College Cheating Parents Prove White Privilege is Alive and Well

Earl Ofari Hutchinson

First there was disgraced Desperate Housewives Felicity Huffman’s ridiculously low prison sentence of 14 days for her role in the college cheating scandal. Next there was wealthy New Yorkers Greg and Marcia Abbott receiving a one-month sentence for their role. The list of other college cheating parents who have gotten hand slap prison sentences grows and will continue to grow longer.

Now keep in mind that prosecutors in several cases have demanded lengthier sentences. The Abbott’s prosecutors asked for eight months. But judges have routinely ignored their slightly tougher sentencing demand. The parents skate by with the light touch sentences because they are white, wealthy, famous, and connected. It’s almost superfluous to say that if the defendants were black, poor, nobodies, with zero connections the story would be far far different The most cursory peep inside any state or federal court on any day glaringly proves that.

The race and class perks of the college cheating parents matter a lot. Those perks are essential to get the ridiculously low sentences. However, that’s not the whole story. The loud scream of white privilege in sentencing began in the 1980s and 1990s when the parade of bankers and corporate CEOs were caught brazenly looting and bilking investors and depositors out of billions in every kind of fraud that could be dreamed up.
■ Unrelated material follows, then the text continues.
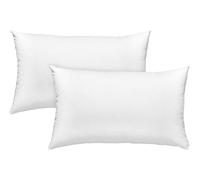 sleepling 197137 cuscino in piume e cotone | cuscino decorativi da divano | Imbottitura per Cuscini | Lavabile a 60 ° C | Certificati Ökotex e Downpass | Prodotto in UE | 40 x 60 cm, bianco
Prosecutors and judges were denounced for ladling out relatively light sentences that were not commensurate with the magnitude of the crimes, the economic damage, and lives wrecked by their white-collar looting. The cries of patently blatant sentencing and prosecution double standards roared again with the refusal of prosecutors to slap charges on the legions of Wall Street investment House bigwigs that were caught cheating investors and depositors during the economic meltdown in 2006. A few examples were made of a handful of former corporate higher up officials here and there receiving longer sentences; but only a few.

That didn’t last. There were squeals from judges and subsequent court rulings that held that judges should have wide discretion over sentencing for white collar crooks. Defense attorneys and the wide network of influential friends and associates of wealthy white offenders took the cue. They first urged their clients to cop a plea. Then they bombarded the judges with Mt. Everest stacks of letters from their influential pals painting them as practically the second coming of Mother Teresa and St. Paul. They reminded the courts of all the supposedly great and charitable things they did for the community. Then there were sob stories galore from the offenders professing contrition and promising to mend their ways. Finally, they reminded the judge how their lives and careers were ruined by their arrest and admission of guilt. Wasn’t that punishment enough? And therefore, imprisonment would serve no real purpose.

This brings it back to the judges and many prosecutors. They have actively lobbied for a total scrap or at least a major overhaul of the federal sentencing guidelines. Their argument is always that there should be more flexibility and a change in how white-collar crimes are judged. They want the crimes and the perpetrators to be judged based on the full range of circumstances. That’s a nice way of saying that the crimes may not be as bad in effect and the individuals that commit them may also not be as bad as their crimes and harsh judgement reflected in the sentencing may not be warranted.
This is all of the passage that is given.